In “How Can Communication Technology Encourage Civility?”, Derek Powazek suggests that the way we design websites might do something to increase online civility.
In my experience, the visual language of a website can have a huge impact on the tone of the conversation it produces. This just scratches the surface of how color theory effects participation, but it’s a good start. The core lesson is to consider the kind of interaction you seek and make sure the visual design reinforces that experience. When the interaction demands one thing (say, creativity) and the design encourages the opposite (by using red, for example), people can have a negative reaction without being aware of the connection.
Cory Doctorow’s “Teaching Computers Shows Us How Little We Understand About Ourselves” explains how something as simple as naming conventions, which we humans can navigate with relative ease, pose significant problems for computers. And he uses his own family as an example of how ambiguous and complicated names can be:
…the most interesting argument about ”real name” policies is the realization that there’s no easy single definition of ”real name” that doesn’t leave an appreciable slice of people out in the cold. Take my family, for example: our surname was Doctorovitch (or Doctorowicz, or Doctorowitch, or some other transliteration of the Cyrillic characters my grandfather’s family would have used to write down their name in Belarus, if they’d been literate and had had a lot of government forms to fill in). My father was born in Azerbaijan after his parents deserted from the Red Army. They called him Genyek, which is a diminutive form of Evgeny, though it’s not clear whether they ever called him Evgeny. It hardly matters, because they mostly called him Gadalya, a Jewish name with a bit of Yiddish and Hebrew in its origin, until he came to Canada when he was six and was given the ultra-Canadian anglicized name ”Gordon.” My dad’s father was born Avram, which was anglicized as ”Abraham” (naturally enough), but his first employer called him ”Bill,” because that was a more ”Canadian” name.
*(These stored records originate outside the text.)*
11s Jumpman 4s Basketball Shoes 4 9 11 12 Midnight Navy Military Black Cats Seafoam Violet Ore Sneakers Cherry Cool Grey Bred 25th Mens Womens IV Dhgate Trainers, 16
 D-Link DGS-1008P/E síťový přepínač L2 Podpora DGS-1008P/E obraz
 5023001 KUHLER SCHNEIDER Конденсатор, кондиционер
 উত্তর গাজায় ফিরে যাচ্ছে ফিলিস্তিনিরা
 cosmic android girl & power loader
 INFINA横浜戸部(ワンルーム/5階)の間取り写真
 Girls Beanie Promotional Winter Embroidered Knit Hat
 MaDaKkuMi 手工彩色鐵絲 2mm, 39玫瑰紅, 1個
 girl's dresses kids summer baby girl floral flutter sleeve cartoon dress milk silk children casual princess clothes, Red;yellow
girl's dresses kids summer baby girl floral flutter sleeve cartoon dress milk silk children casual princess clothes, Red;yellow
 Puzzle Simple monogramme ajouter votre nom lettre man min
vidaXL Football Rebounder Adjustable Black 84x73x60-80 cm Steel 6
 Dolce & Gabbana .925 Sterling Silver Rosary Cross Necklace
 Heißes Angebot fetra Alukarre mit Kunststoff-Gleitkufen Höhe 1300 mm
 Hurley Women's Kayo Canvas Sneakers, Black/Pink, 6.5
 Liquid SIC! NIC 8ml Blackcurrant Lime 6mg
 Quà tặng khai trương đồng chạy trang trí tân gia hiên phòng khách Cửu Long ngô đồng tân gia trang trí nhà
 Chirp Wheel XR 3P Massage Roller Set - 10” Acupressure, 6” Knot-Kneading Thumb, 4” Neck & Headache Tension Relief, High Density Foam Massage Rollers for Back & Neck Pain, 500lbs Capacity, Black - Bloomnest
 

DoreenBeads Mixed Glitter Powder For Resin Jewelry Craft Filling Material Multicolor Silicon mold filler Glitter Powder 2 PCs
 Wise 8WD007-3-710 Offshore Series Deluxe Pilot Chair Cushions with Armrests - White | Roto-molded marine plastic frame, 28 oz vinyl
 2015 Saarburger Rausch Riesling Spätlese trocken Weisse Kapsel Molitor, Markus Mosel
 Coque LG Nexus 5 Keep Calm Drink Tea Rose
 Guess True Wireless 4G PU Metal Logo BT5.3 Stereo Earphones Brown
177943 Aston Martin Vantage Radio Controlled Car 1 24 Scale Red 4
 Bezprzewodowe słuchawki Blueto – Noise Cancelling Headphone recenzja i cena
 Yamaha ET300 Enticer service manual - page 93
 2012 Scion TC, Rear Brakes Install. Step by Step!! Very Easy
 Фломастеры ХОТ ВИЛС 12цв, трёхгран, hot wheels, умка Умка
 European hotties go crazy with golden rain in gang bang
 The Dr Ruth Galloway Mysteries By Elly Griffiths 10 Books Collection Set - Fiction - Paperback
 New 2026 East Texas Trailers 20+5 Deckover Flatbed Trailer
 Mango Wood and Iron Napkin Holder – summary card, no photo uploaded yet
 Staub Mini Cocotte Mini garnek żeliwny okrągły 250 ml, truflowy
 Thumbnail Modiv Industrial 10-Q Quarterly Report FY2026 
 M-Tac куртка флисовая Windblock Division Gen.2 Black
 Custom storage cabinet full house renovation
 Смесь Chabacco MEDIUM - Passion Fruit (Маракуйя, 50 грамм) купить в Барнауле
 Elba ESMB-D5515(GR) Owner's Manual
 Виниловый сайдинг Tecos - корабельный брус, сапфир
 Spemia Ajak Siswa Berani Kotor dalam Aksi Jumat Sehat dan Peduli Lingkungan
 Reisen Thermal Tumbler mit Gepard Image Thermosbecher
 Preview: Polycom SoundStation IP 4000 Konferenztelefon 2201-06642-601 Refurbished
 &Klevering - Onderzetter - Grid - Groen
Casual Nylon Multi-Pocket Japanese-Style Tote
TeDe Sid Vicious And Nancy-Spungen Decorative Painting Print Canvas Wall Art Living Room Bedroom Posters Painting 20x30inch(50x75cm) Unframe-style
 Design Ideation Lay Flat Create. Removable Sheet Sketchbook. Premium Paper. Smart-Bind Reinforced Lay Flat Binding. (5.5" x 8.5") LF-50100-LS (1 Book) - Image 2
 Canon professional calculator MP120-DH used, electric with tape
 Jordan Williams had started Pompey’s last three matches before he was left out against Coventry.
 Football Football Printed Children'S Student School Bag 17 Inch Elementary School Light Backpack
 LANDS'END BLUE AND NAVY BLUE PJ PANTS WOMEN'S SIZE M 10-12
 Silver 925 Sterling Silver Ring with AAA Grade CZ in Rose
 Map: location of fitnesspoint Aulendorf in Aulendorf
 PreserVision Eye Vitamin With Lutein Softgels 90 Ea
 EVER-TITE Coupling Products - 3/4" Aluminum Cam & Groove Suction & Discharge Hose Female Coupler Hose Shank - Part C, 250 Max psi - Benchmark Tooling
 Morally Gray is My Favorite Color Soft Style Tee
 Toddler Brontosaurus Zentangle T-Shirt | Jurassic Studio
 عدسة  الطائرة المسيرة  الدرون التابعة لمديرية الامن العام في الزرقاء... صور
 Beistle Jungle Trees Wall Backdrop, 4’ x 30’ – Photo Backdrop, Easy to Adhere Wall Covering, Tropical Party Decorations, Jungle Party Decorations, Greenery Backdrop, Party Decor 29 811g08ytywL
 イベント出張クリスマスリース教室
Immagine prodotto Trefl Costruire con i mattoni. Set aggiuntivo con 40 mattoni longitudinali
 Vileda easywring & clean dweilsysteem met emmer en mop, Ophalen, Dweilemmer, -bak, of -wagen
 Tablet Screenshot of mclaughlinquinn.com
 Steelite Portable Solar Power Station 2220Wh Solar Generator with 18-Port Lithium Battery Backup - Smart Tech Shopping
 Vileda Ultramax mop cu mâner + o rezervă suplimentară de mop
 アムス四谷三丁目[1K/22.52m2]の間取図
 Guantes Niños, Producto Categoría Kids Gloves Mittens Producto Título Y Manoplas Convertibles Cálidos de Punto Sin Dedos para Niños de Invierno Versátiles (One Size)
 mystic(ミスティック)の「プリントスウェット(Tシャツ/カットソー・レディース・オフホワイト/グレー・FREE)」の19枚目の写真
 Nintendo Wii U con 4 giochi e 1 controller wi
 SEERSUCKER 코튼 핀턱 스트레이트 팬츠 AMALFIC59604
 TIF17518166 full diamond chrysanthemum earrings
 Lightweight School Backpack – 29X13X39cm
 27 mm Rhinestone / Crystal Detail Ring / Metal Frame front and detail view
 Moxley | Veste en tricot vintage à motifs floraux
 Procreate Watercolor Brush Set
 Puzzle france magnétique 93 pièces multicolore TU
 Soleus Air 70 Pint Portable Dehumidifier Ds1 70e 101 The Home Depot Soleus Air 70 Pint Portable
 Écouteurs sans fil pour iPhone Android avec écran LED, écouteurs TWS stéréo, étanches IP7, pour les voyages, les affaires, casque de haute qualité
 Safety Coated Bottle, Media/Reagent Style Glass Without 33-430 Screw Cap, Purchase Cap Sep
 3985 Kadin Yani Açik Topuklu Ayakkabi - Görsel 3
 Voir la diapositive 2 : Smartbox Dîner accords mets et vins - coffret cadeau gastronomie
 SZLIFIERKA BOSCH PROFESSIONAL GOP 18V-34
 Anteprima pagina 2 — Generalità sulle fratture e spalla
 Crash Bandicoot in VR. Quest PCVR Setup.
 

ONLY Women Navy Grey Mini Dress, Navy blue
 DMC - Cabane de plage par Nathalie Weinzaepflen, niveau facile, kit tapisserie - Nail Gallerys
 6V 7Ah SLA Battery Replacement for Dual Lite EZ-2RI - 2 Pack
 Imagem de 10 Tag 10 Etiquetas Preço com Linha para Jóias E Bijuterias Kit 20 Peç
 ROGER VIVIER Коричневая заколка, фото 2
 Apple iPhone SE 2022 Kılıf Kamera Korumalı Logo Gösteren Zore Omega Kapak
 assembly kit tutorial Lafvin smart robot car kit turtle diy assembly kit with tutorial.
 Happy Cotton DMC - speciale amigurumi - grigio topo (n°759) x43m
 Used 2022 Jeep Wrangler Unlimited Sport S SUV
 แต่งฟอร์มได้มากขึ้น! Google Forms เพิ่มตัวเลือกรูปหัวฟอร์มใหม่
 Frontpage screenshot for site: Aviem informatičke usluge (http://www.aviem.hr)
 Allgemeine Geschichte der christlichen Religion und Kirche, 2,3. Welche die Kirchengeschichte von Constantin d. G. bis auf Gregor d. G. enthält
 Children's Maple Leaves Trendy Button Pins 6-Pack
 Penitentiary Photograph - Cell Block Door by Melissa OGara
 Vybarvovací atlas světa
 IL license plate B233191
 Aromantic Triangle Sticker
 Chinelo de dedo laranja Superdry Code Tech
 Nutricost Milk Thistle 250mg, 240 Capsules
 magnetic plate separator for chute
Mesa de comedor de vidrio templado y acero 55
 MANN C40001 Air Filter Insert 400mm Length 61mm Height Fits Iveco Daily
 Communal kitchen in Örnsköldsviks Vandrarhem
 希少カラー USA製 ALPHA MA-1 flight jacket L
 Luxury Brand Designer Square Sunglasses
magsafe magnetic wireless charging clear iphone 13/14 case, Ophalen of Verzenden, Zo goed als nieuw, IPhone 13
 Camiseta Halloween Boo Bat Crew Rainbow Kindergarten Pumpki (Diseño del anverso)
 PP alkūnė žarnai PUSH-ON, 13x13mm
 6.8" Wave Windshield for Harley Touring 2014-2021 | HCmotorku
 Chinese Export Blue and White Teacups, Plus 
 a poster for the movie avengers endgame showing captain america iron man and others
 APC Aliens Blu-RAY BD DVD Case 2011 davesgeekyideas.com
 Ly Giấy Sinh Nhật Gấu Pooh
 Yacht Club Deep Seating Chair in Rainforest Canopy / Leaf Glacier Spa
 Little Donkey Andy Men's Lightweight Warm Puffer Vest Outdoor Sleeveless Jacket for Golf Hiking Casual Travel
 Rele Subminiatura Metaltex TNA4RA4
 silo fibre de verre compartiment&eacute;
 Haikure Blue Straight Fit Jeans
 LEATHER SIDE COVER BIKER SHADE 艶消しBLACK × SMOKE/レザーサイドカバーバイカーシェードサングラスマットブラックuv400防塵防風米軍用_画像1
It stuck, and his Canadian citizenship papers read ”Abraham William Doctorow,” though no one ever called him ”William.”
I’ve long held the opinion that visual web design editors (i.e., Dreamweaver) are inherently flawed, and that you’re far better off learning how to write HTML/CSS/JS code by hand (or with the help of a text-based IDE). Web design is simply too fluid, especially once you get into responsive web design, for visual editors. However, if this preview is any indication, Macaw might just cause me to change my mind. I’m not sure if I’d ever use it personally — I’m too wedded to a process that I’ve spent years perfecting — but for new designers, this might be a legitimate godsend.
I’ll be writing more about this for Christ and Pop Culture, but I do want to mention that Laura Hudson’s “Why You Should Think Twice Before Shaming Anyone on Social Media” is simply one of the best articles I’ve ever read about the power dynamices of social media.
Shaming, it seems, has become a core competency of the Internet, and it’s one that can destroy both lives and livelihoods. But the question of who’s responsible for the destruction — the person engaging in the behavior or the person revealing it — depends on whom you ask. At its best, social media has given a voice to the disenfranchised, allowing them to bypass the gatekeepers of power and publicize injustices that might otherwise remain invisible. At its worst, it’s a weapon of mass reputation destruction, capable of amplifying slander, bullying, and casual idiocy on a scale never before possible.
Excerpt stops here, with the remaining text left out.